Back in the summer of 2002 I made a significant but little-known impact on the Foreign Office’s posting policy. I think.
Mulling over the tragedy of my career I asked my PA to crunch the numbers for me. She took the top forty names in the FCO, added up all their postings, and made a chart to show where there real expertise lay. The fascinating findings were something like this:
- there are nearly 200 countries in the world, depending on how one defines various micro-states, the Vatican and so on
- my top FCO colleagues as of 2002 had been posted to only 41 of them
- together they had had some 180 postings in their various distinguished careers
- but 112 or so of those postings had been to only five places: Paris, Washington, Bonn/Berlin, Brussels, Tokyo
- so their careers had been heavily skewed away from breadth of global and operational hands-on diplomatic experience
- and if one looked at the world’s (then) troubled hot spots as described in the newspapers, almost no single senior FCO officer had had any personal experience of them at all
I wrote all this up in a terse memo, pointing out that this was not too surprising in some ways – for much of our careers there had been notably fewer countries anyway (no broken-up Soviet Union or Yugoslavia).
Plus the analysis showed that there were in fact two sorts of diplomats.
Senior folk who very skilfully haggled over and negotiated the rules of global order based comfortably, plumply and safely in Big Capitals, the UN/EU/NATO etc.
And the more junior less well rewarded poor sods (like eg me) who had to go out on the street to try to implement these rules in dangerous tricky uncomfortable places such as Bosnia, Africa, parts of Latin America, the Middle East and so on.
This had several effects, one of which was that the people actually on the ground in Hot Spots often had no real clout/authority/profile back home at a high level.
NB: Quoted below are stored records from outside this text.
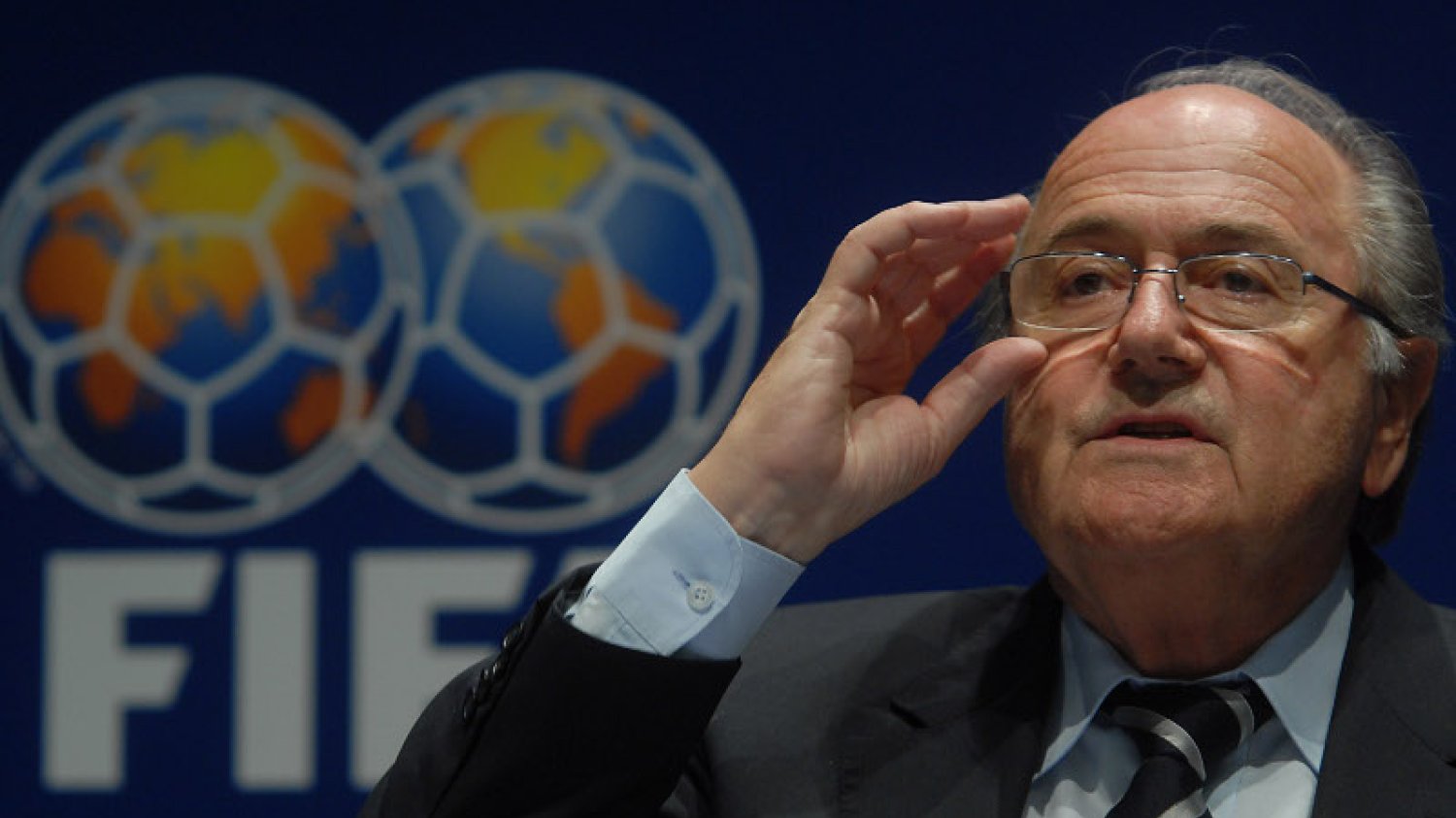 Przewodniczący FIFA Sepp Blatter nie dopatrzył się korupcji ze strony Rosji i Kataru.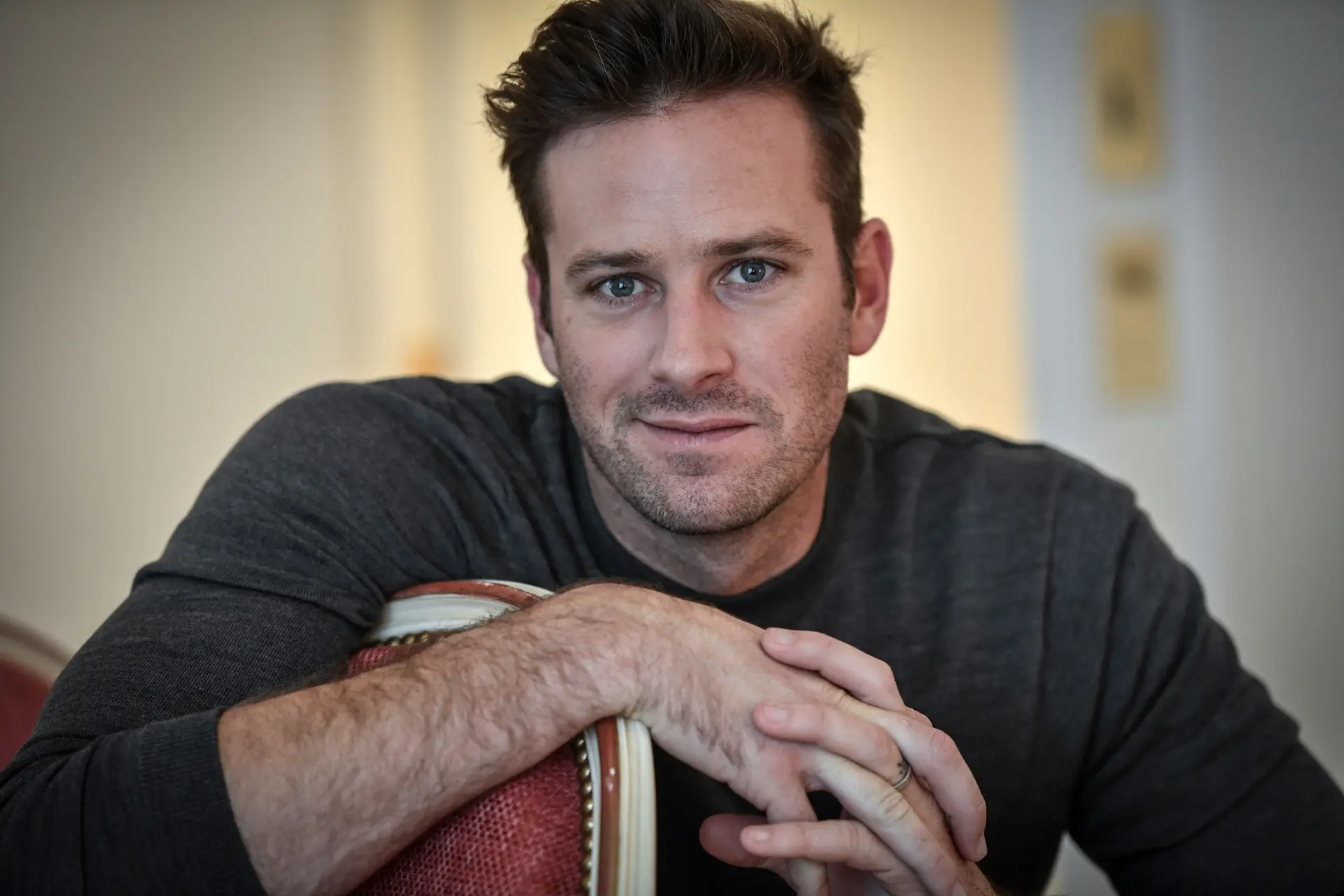 Caído em desgraça, o ator Armie Hammer está a trabalhar num hotel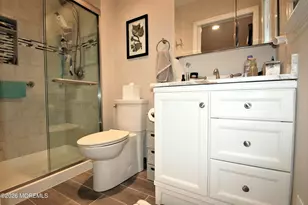 32 Cameron Ct, Freehold, NJ 07728 - Photo 22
Exactly the wrong way to have things set up for maximising our chances of achieving operational objectives in places where things were most difficult and where large sums of public money were being spent.
Maybe it made sense to take a hard look at this to ensure that no-one reached the top of the FCO without having experienced recently a lot more of the dirty work to see how things actually happened? No point in having people grandly pronouncing on policies far away from the problem and devising schemes which in the messy violent reality simply might not work or even might make things worse?
I fed in this piece of paper quietly to the very top of the FCO. And, by magic or by coincidence (probably the latter), things started to change. We now have an FCO Top Gun Sherard Cowper-Coles heading a very tough Embassy in Kabul, sent there after being HM Ambassador in Saudi Arabia – that would never have happened when I was growing up.
Always a good question when a politician or senior diplomat starts talking eloquently about another country: "how much time have you yourself spent there?"